**WHAT YOU HAVE TO DO:** Copy, word for word, the lines of the entries below between the one with "Tesco Everyday Value cheese and onion pasty." and the one with "девушка ангел с", inclusive, and leave out everything else.

**RECORD EXCERPTS:**
'''

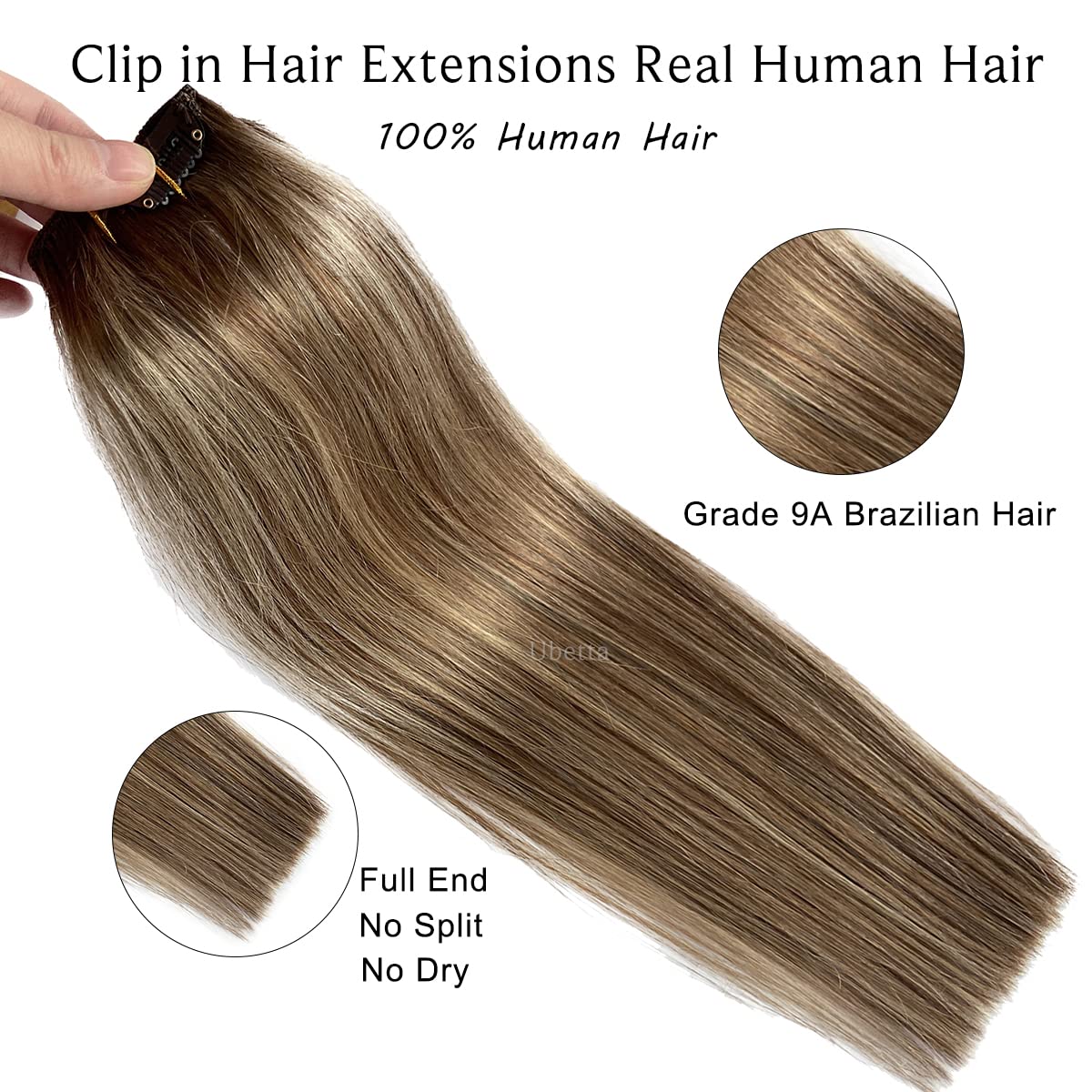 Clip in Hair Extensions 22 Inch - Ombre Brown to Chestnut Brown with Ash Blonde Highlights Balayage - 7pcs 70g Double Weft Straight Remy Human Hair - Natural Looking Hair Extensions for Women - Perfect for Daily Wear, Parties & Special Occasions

'''
'''

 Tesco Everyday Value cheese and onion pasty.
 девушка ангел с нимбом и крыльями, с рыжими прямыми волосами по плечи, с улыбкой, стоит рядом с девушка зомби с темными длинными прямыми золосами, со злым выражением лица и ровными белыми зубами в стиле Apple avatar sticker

'''

**SOLUTION BELOW:**
 Tesco Everyday Value cheese and onion pasty.
 девушка ангел с нимбом и крыльями, с рыжими прямыми волосами по плечи, с улыбкой, стоит рядом с девушка зомби с темными длинными прямыми золосами, со злым выражением лица и ровными белыми зубами в стиле Apple avatar sticker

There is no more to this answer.